**Records provided**
• • • • •
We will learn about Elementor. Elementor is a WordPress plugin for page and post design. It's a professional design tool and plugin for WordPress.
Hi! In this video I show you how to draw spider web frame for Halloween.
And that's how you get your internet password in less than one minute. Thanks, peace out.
• • • • •
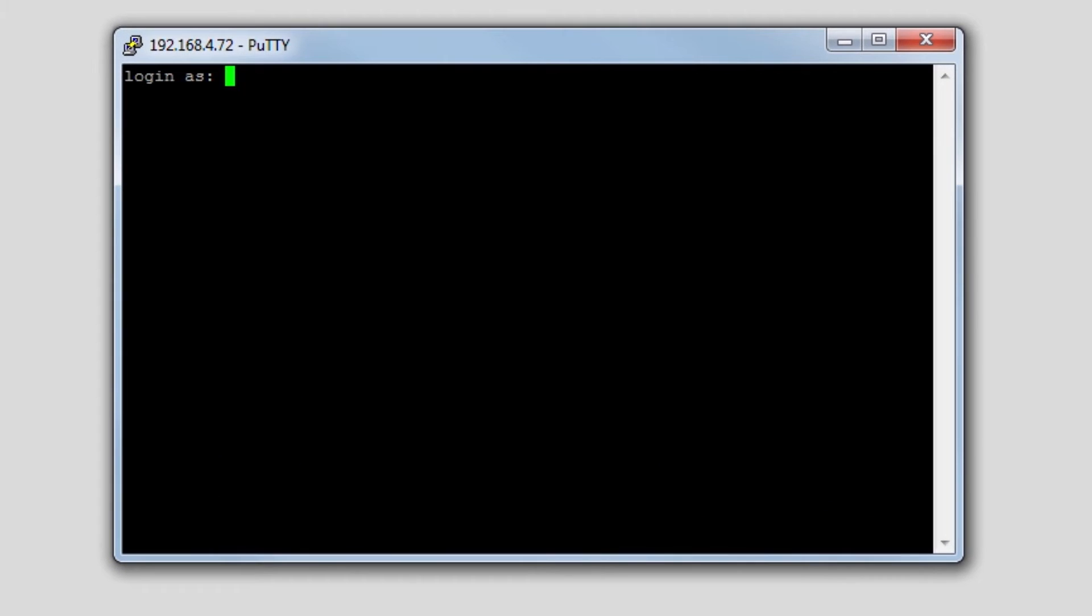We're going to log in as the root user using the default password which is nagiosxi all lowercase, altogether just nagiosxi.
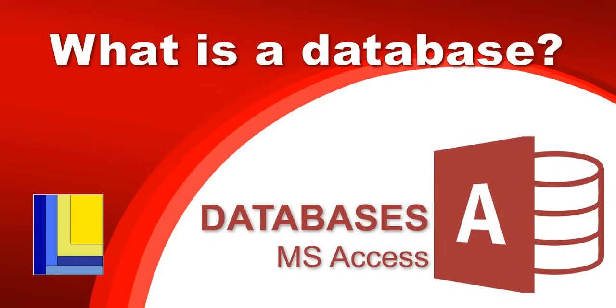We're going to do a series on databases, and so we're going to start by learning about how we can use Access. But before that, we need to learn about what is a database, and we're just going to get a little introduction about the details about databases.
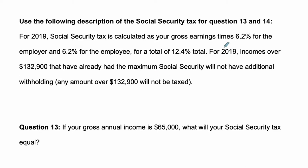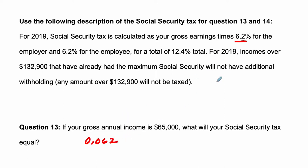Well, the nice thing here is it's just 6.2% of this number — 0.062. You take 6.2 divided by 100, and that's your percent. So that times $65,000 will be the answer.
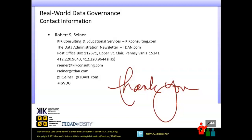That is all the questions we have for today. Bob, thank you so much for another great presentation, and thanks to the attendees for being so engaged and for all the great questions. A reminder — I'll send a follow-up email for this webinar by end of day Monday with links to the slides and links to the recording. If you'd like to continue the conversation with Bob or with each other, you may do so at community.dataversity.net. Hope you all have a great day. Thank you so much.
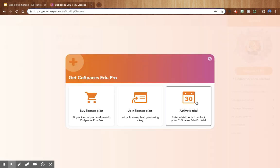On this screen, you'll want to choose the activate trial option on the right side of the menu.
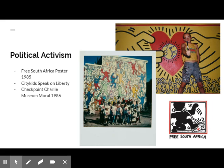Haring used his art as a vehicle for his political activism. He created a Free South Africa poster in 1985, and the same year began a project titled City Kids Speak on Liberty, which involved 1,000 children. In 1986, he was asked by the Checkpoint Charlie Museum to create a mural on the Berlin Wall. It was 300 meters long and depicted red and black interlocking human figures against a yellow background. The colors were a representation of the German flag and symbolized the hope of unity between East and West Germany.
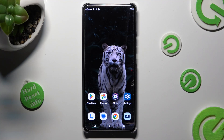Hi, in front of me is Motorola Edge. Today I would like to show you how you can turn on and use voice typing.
• • • • •
Retype, exactly and with no pictures, everything above from the line with "We're going to do" down to the line with "Hi, in front", both included.

We're going to do a series on databases, and so we're going to start by learning about how we can use Access. But before that, we need to learn about what is a database, and we're just going to get a little introduction about the details about databases.
Well, the nice thing here is it's just 6.2% of this number — 0.062. You take 6.2 divided by 100, and that's your percent. So that times $65,000 will be the answer.
That is all the questions we have for today. Bob, thank you so much for another great presentation, and thanks to the attendees for being so engaged and for all the great questions. A reminder — I'll send a follow-up email for this webinar by end of day Monday with links to the slides and links to the recording. If you'd like to continue the conversation with Bob or with each other, you may do so at community.dataversity.net. Hope you all have a great day. Thank you so much.
On this screen, you'll want to choose the activate trial option on the right side of the menu.
Haring used his art as a vehicle for his political activism. He created a Free South Africa poster in 1985, and the same year began a project titled City Kids Speak on Liberty, which involved 1,000 children. In 1986, he was asked by the Checkpoint Charlie Museum to create a mural on the Berlin Wall. It was 300 meters long and depicted red and black interlocking human figures against a yellow background. The colors were a representation of the German flag and symbolized the hope of unity between East and West Germany.
Hi, in front of me is Motorola Edge. Today I would like to show you how you can turn on and use voice typing.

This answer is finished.